Family income, not surprisingly, affects child-rearing costs. Middle-income families with income from $61,530 to $106,540 can expect to pay $245,340 to raise a child until age 18, families earning more are likely to spend $407,820, according to USDA research.
The USDA data confirm what many parents know all too well — expenses increase in the teen years, particularly for food and gasoline and other transportation costs.
We all know that raising kids can be a financial drain; the USDA report just puts some meat on the bone. But the money message is equally clear: Get in the practice of budgeting and saving money in as many ways as possible to keep control of child-related household expenses. The sooner you develop that mindset, the more control you’ll have in making financial choices.
Take child care.
The experts at Care.com, a website devoted to helping parents find and manage family care expenses, noted in a June survey of 700 parents that most don’t budget for child care and knew little about savings strategies. Check out the website’s pay and nanny tax calculators to determine how much you can afford to spend.
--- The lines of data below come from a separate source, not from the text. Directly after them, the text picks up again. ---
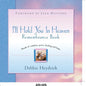 I'll Hold You In Heaven Remembrance Book - Paperback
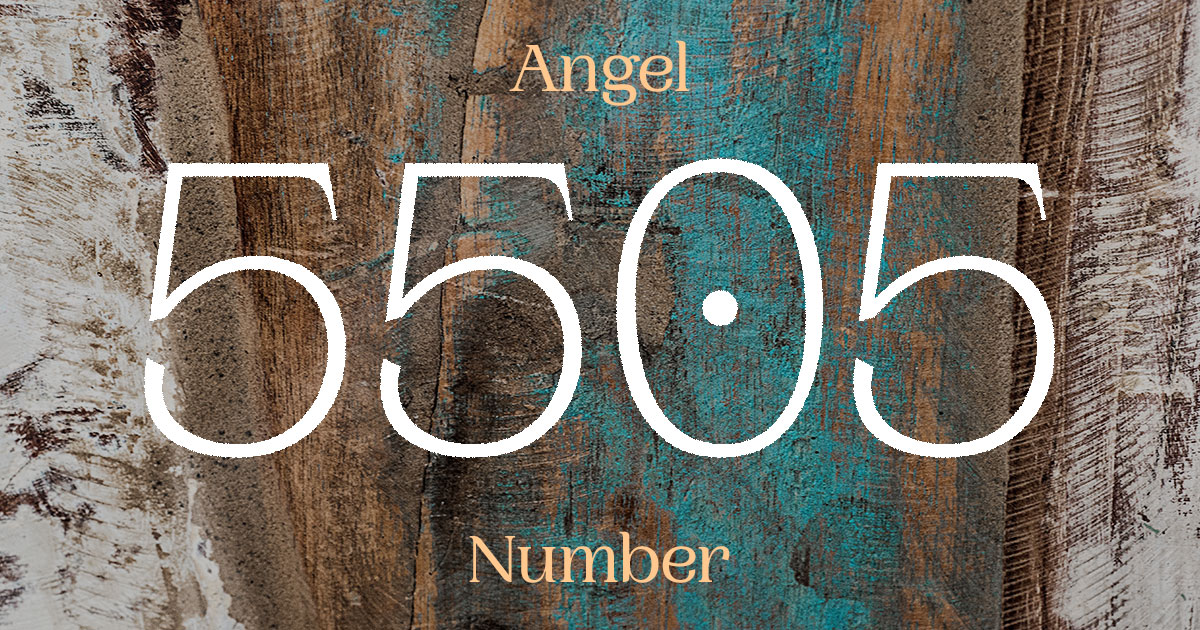 5505 Angel Number meaning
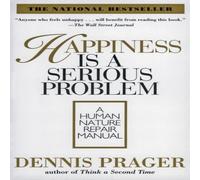 Dennis Prager Happiness Is a Serious Problem: A Human Nature Repair Manual Dennis Prager Multicolor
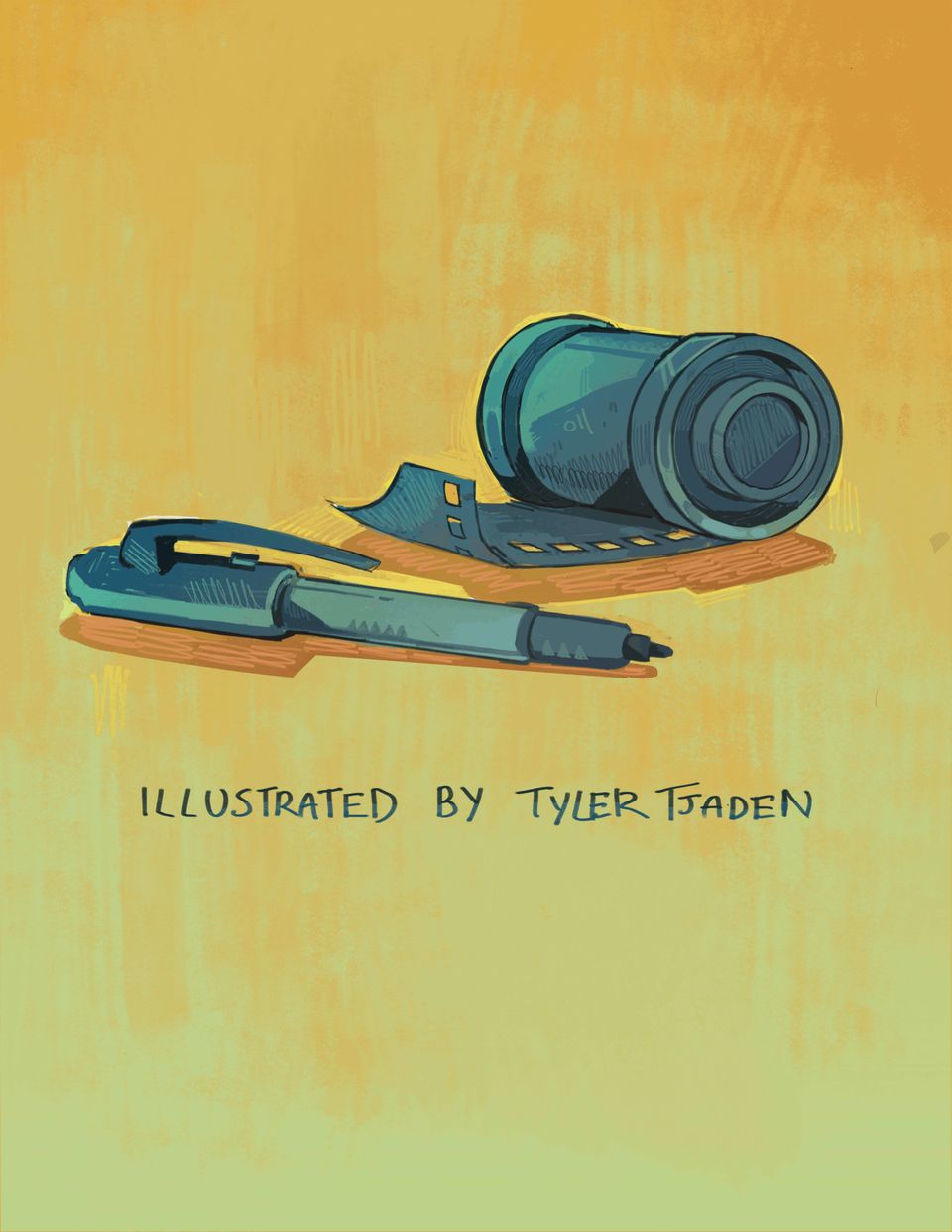 A roll of film and pen sit against a yellow background. Text reads: "Illustrated by Tyler Tjaden."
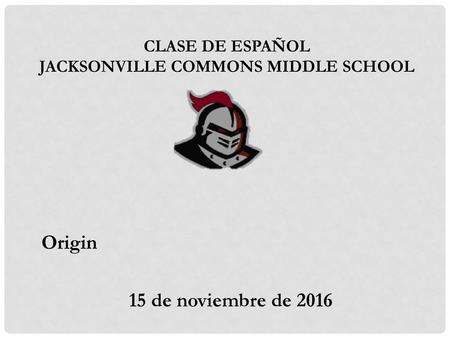 Spanish Class Mrs. Rogers. Origin 15 de noviembre de 2016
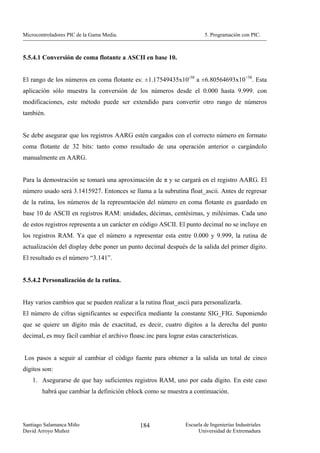 Microcontroladores PIC de la Gama Media.                                5. Programación con PIC.



5.5.4.1 Conversión de coma flotante a ASCII en base 10.


El rango de los números en coma flotante es: ±1.17549435x10-38 a ±6.80564693x10+38. Esta
aplicación sólo muestra la conversión de los números desde el 0.000 hasta 9.999. con
modificaciones, este método puede ser extendido para convertir otro rango de números
también.


Se debe asegurar que los registros AARG estén cargados con el correcto número en formato
coma flotante de 32 bits: tanto como resultado de una operación anterior o cargándolo
manualmente en AARG.


Para la demostración se tomará una aproximación de π y se cargará en el registro AARG. El
número usado será 3.1415927. Entonces se llama a la subrutina float_ascii. Antes de regresar
de la rutina, los números de la representación del número en coma flotante es guardado en
base 10 de ASCII en registros RAM: unidades, décimas, centésimas, y milésimas. Cada uno
de estos registros representa a un carácter en código ASCII. El punto decimal no se incluye en
los registros RAM. Ya que el número a representar esta entre 0.000 y 9.999, la rutina de
actualización del display debe poner un punto decimal después de la salida del primer dígito.
El resultado es el número “3.141”.


5.5.4.2 Personalización de la rutina.


Hay varios cambios que se pueden realizar a la rutina float_ascii para personalizarla.
El número de cifras significantes se especifica mediante la constante SIG_FIG. Suponiendo
que se quiere un dígito más de exactitud, es decir, cuatro dígitos a la derecha del punto
decimal, es muy fácil cambiar el archivo floasc.inc para lograr estas características.


Los pasos a seguir al cambiar el código fuente para obtener a la salida un total de cinco
dígitos son:
    1. Asegurarse de que hay suficientes registros RAM, uno por cada dígito. En este caso
        habrá que cambiar la definición cblock como se muestra a continuación.




Santiago Salamanca Miño                       184               Escuela de Ingenierías Industriales
David Arroyo Muñoz                                                   Universidad de Extremadura
 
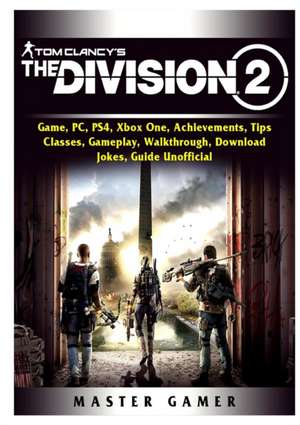 Tom Clancys The Division 2 Game, PC, PS4, Xbox One, Achievements, Tips, Classes, Gameplay, Walkthrough, Download, Jokes, Guide Unofficial de Master Gamer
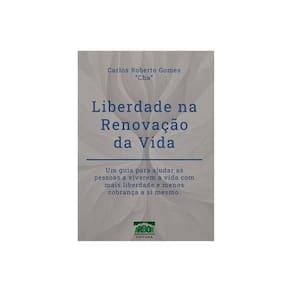 Liberdade Na Renovação Da Vida
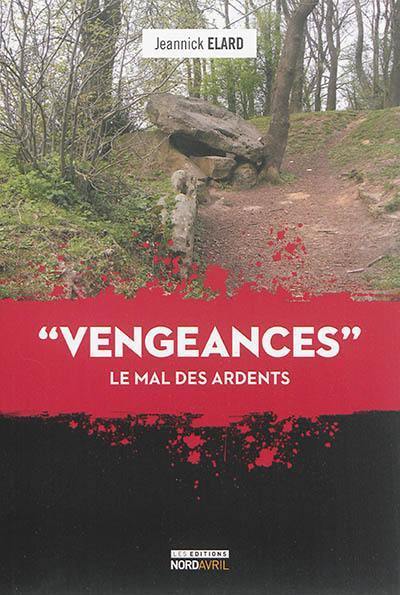 Vengeances : le mal des ardents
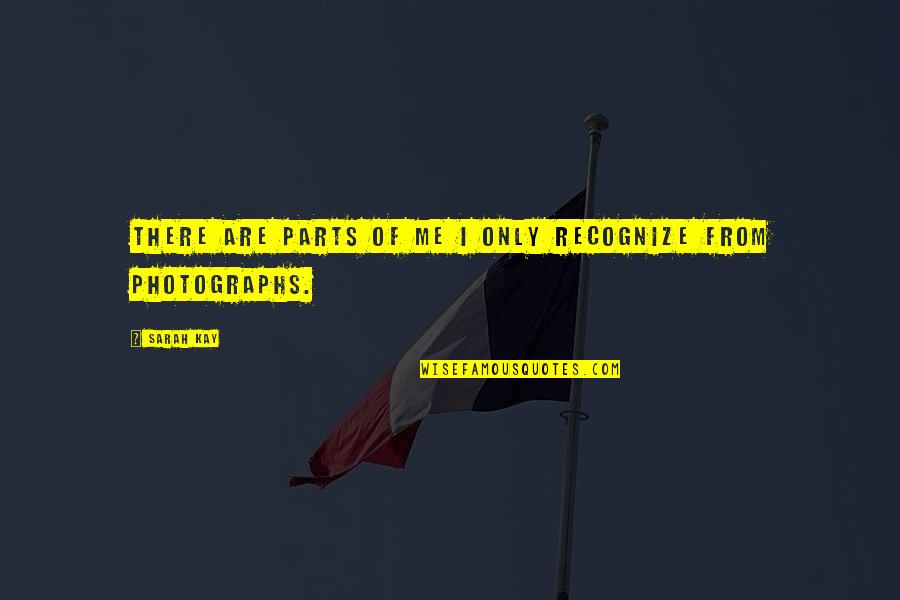 Smoulder Look Quotes By Sarah Kay: There are parts of me I only recognize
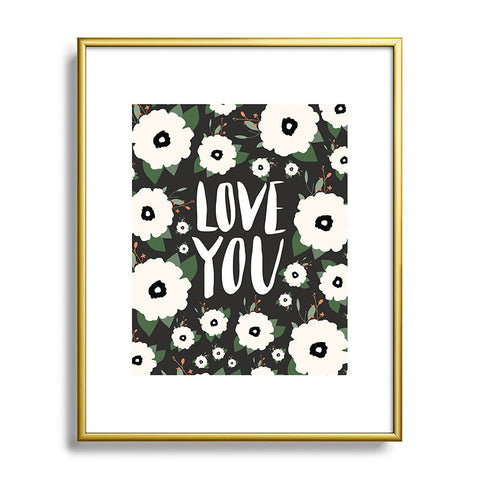 Allyson Johnson Love you floral Metal Framed Art Print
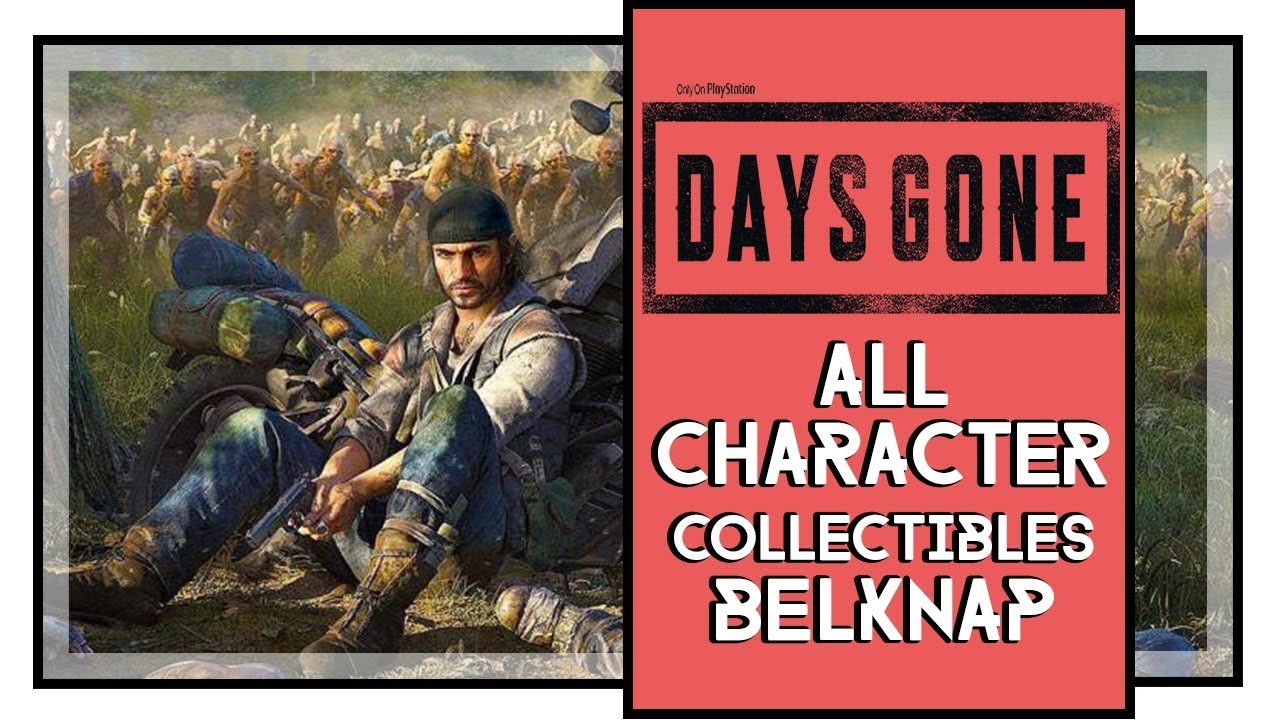 Days Gone All Character Collectible Locations Belknap Region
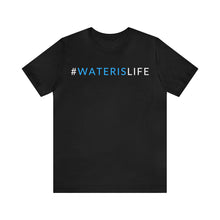 Load image into Gallery viewer, #WATERISLIFE SHIRT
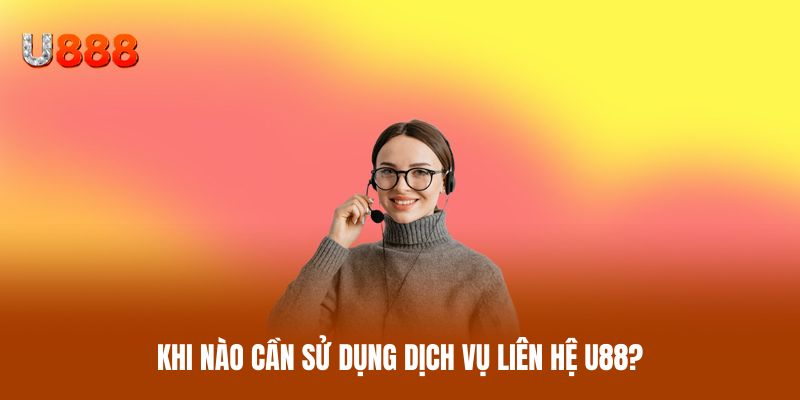 Khi nào cần sử dụng dịch vụ liên hệ U88?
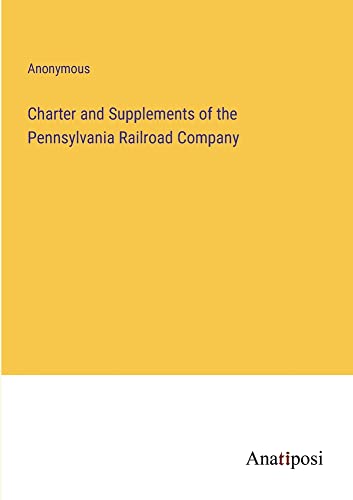 Charter and Supplements of the Pennsylvania Railroad Company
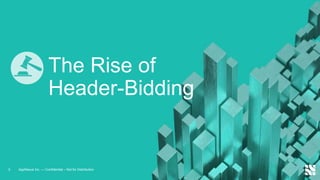 The Rise of
Header-Bidding
5 AppNexus Inc. — Confidential – Not for Distribution
 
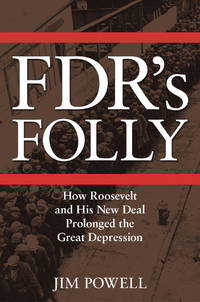 FDR&#039;s Folly: How Roosevelt and His New Deal Prolonged the Great Depression by Powell, Jim - Hardcover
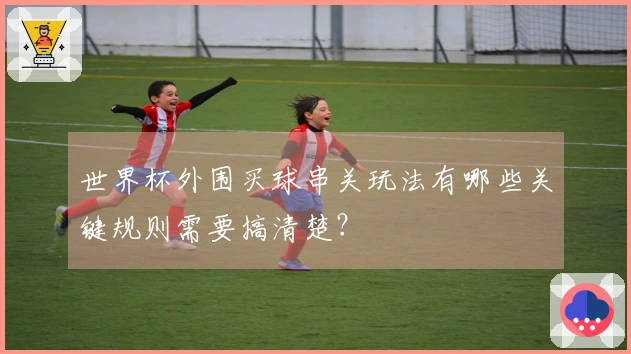 世界杯外围买球串关玩法有哪些关键规则需要搞清楚？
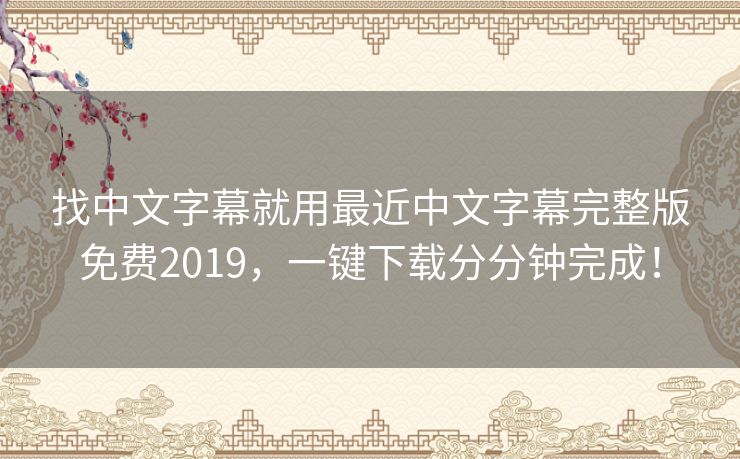 找中文字幕就用最近中文字幕完整版免费2019，一键下载分分钟完成！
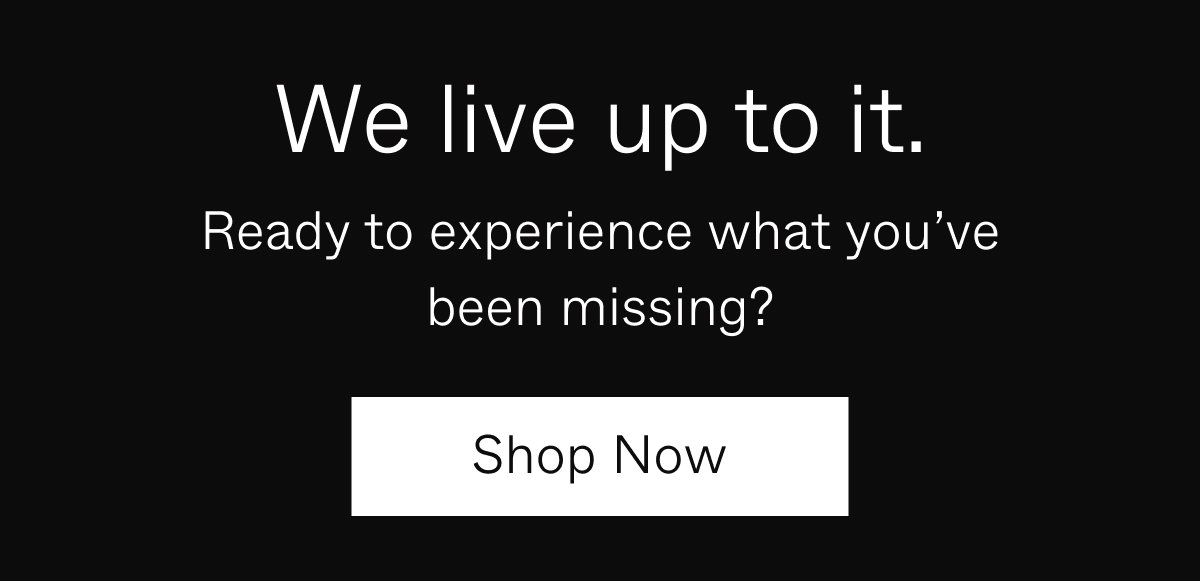We live up to it. | Ready to experience what you've been missing? | Shop Now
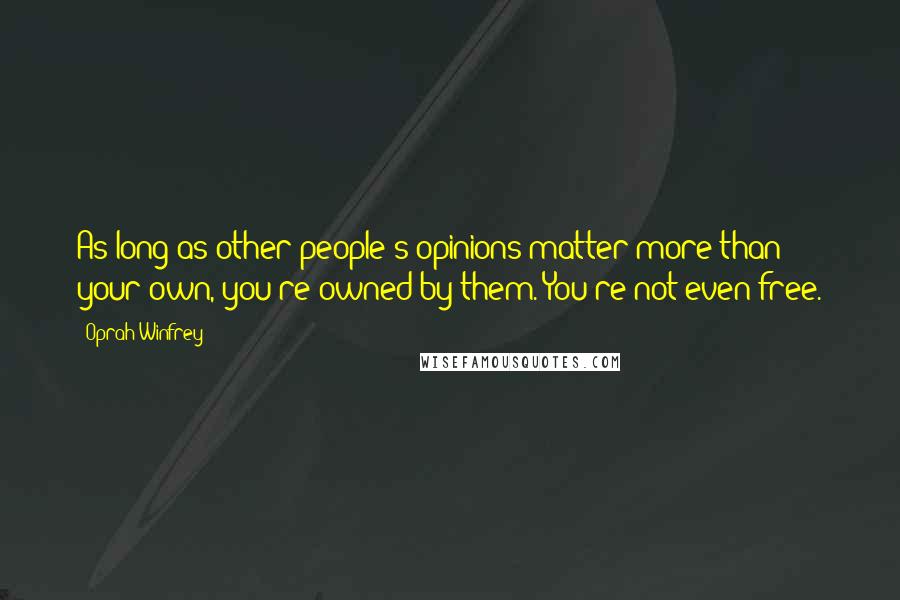 Oprah Winfrey Quotes: As long as other people's opinions matter more than your own, you're owned by them. You're not even free.
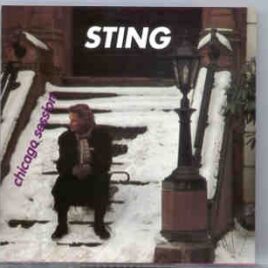Sting / The Police - Chicago Session ( Live at a Small Club in Chicago , USA , April 8th , 1990 ) ( Beech Marten ) front cover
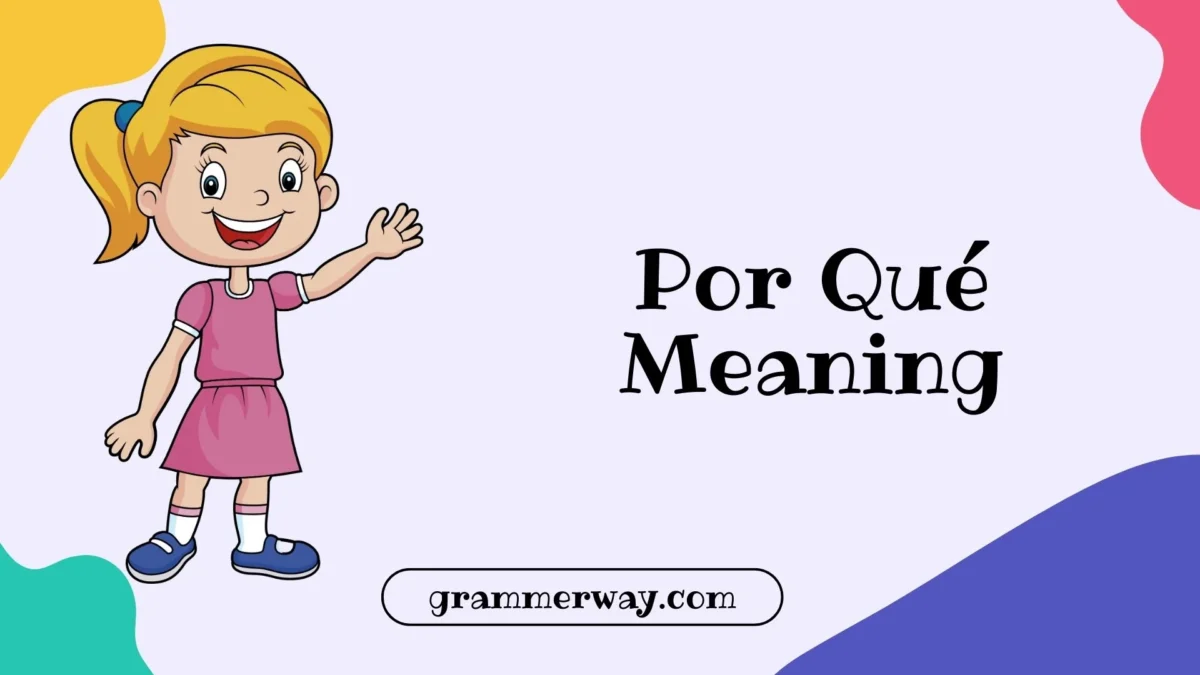 Por Qué Meaning (Hiatus Meaning): Your Deep Dive Into Spanish Grammar & Linguistics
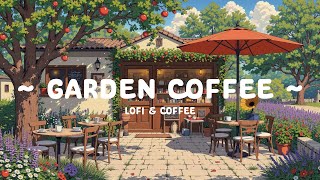 Garden Coffee ☕ Tea House Vibes 🍃 | Lofi Hip Hop to Refresh Your Mind to work, study,...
What else can you do? If your employer offers a flexible spending account for child care expenses, take advantage of it during this fall’s benefits enrollment season. Families can set aside up to $5,000 in pre-tax dollars for child care expenses.
If that’s not an option, there’s always the child care tax credit, which allows you to itemize up to $3,000 in expenses per child per year, up to a $6,000 annual cap per family.